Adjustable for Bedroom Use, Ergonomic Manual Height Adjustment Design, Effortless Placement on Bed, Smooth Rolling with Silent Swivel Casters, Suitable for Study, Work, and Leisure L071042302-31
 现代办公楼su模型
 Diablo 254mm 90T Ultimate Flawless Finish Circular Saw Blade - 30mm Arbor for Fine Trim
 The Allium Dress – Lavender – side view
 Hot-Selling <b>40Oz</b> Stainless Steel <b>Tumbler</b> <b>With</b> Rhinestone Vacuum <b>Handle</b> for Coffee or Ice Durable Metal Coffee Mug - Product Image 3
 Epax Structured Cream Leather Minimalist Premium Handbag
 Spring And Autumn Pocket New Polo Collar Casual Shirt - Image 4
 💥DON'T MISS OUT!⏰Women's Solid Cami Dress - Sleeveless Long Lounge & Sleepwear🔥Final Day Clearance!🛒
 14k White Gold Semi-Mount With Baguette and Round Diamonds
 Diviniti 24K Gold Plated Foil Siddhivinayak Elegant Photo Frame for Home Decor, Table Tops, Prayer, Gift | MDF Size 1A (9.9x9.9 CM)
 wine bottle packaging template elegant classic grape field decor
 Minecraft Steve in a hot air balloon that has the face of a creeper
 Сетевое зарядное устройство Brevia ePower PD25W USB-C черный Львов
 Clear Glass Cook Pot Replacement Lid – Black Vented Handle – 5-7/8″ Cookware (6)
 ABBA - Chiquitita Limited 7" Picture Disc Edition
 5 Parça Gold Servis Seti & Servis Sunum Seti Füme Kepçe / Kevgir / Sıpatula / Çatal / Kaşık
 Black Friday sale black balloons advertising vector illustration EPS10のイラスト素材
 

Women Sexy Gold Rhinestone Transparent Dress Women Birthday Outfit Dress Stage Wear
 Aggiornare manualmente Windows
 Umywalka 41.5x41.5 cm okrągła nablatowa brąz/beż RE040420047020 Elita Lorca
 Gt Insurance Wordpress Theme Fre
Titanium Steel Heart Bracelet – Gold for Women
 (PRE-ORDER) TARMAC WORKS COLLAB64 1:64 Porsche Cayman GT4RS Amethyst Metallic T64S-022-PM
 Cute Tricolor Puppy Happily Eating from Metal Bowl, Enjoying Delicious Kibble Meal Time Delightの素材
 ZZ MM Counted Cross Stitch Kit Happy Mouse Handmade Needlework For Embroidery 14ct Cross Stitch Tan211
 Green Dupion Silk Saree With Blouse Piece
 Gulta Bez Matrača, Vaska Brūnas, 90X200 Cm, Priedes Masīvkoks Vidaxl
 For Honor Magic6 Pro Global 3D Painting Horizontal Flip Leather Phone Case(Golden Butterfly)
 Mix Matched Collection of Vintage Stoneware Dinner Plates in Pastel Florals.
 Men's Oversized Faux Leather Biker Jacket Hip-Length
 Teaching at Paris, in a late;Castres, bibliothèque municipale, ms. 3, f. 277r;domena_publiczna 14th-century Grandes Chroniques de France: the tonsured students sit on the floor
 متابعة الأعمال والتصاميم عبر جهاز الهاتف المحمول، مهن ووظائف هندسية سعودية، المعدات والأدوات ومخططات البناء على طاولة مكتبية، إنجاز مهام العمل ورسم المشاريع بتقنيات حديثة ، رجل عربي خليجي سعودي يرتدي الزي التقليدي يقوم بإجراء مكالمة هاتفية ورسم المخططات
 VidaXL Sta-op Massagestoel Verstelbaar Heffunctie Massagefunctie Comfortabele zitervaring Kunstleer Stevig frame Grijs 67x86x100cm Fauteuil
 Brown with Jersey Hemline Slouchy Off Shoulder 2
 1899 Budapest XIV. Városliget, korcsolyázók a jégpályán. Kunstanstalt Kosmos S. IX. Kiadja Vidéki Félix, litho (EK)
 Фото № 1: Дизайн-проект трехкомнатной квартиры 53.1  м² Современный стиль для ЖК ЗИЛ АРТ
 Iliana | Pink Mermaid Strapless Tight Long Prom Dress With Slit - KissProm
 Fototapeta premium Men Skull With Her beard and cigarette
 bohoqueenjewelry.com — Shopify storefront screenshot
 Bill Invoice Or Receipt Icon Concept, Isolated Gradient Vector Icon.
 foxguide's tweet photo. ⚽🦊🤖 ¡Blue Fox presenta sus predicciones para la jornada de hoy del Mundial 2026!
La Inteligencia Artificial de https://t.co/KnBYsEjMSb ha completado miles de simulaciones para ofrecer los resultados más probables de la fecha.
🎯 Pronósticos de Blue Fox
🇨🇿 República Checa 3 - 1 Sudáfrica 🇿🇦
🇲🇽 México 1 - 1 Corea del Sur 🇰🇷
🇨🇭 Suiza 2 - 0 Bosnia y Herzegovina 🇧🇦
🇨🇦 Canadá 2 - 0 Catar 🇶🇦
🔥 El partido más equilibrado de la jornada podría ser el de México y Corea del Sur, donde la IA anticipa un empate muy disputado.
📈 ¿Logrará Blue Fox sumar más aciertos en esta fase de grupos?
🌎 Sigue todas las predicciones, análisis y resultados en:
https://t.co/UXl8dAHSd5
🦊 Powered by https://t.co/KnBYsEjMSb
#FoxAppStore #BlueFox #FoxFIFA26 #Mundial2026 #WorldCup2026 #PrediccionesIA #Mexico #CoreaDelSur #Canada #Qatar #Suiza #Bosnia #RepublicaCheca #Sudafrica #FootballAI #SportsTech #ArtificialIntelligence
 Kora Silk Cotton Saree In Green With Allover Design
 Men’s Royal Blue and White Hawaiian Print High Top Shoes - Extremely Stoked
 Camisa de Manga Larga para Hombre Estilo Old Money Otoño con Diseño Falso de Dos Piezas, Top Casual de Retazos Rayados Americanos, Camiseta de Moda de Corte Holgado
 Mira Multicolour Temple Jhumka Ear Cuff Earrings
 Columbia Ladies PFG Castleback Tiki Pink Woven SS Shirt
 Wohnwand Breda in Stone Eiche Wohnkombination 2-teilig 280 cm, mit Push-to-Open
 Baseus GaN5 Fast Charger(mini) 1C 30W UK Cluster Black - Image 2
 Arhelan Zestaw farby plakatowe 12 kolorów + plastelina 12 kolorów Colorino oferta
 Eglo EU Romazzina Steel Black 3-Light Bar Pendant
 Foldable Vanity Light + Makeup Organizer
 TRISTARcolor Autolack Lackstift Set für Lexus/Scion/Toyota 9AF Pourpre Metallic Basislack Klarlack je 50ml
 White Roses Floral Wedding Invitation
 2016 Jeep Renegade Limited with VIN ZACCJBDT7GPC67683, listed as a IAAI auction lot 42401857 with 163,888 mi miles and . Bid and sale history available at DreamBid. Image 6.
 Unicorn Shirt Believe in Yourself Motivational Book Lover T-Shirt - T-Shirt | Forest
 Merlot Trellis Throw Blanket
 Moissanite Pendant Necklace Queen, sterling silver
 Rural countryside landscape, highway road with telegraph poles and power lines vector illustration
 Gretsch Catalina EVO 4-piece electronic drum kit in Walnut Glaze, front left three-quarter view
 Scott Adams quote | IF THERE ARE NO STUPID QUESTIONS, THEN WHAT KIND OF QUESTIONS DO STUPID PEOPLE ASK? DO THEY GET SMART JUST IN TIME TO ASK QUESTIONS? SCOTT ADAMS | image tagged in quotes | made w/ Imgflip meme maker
—————
__What to produce__:
In the data above, start at the line that has "Kora Silk Cotton", stop after the line that has "Moissanite Pendant Necklace", and print every line in between exactly as it stands.

__Result below__:
 Kora Silk Cotton Saree In Green With Allover Design
 Men’s Royal Blue and White Hawaiian Print High Top Shoes - Extremely Stoked
 Camisa de Manga Larga para Hombre Estilo Old Money Otoño con Diseño Falso de Dos Piezas, Top Casual de Retazos Rayados Americanos, Camiseta de Moda de Corte Holgado
 Mira Multicolour Temple Jhumka Ear Cuff Earrings
 Columbia Ladies PFG Castleback Tiki Pink Woven SS Shirt
 Wohnwand Breda in Stone Eiche Wohnkombination 2-teilig 280 cm, mit Push-to-Open
 Baseus GaN5 Fast Charger(mini) 1C 30W UK Cluster Black - Image 2
 Arhelan Zestaw farby plakatowe 12 kolorów + plastelina 12 kolorów Colorino oferta
 Eglo EU Romazzina Steel Black 3-Light Bar Pendant
 Foldable Vanity Light + Makeup Organizer
 TRISTARcolor Autolack Lackstift Set für Lexus/Scion/Toyota 9AF Pourpre Metallic Basislack Klarlack je 50ml
 White Roses Floral Wedding Invitation
 2016 Jeep Renegade Limited with VIN ZACCJBDT7GPC67683, listed as a IAAI auction lot 42401857 with 163,888 mi miles and . Bid and sale history available at DreamBid. Image 6.
 Unicorn Shirt Believe in Yourself Motivational Book Lover T-Shirt - T-Shirt | Forest
 Merlot Trellis Throw Blanket
 Moissanite Pendant Necklace Queen, sterling silver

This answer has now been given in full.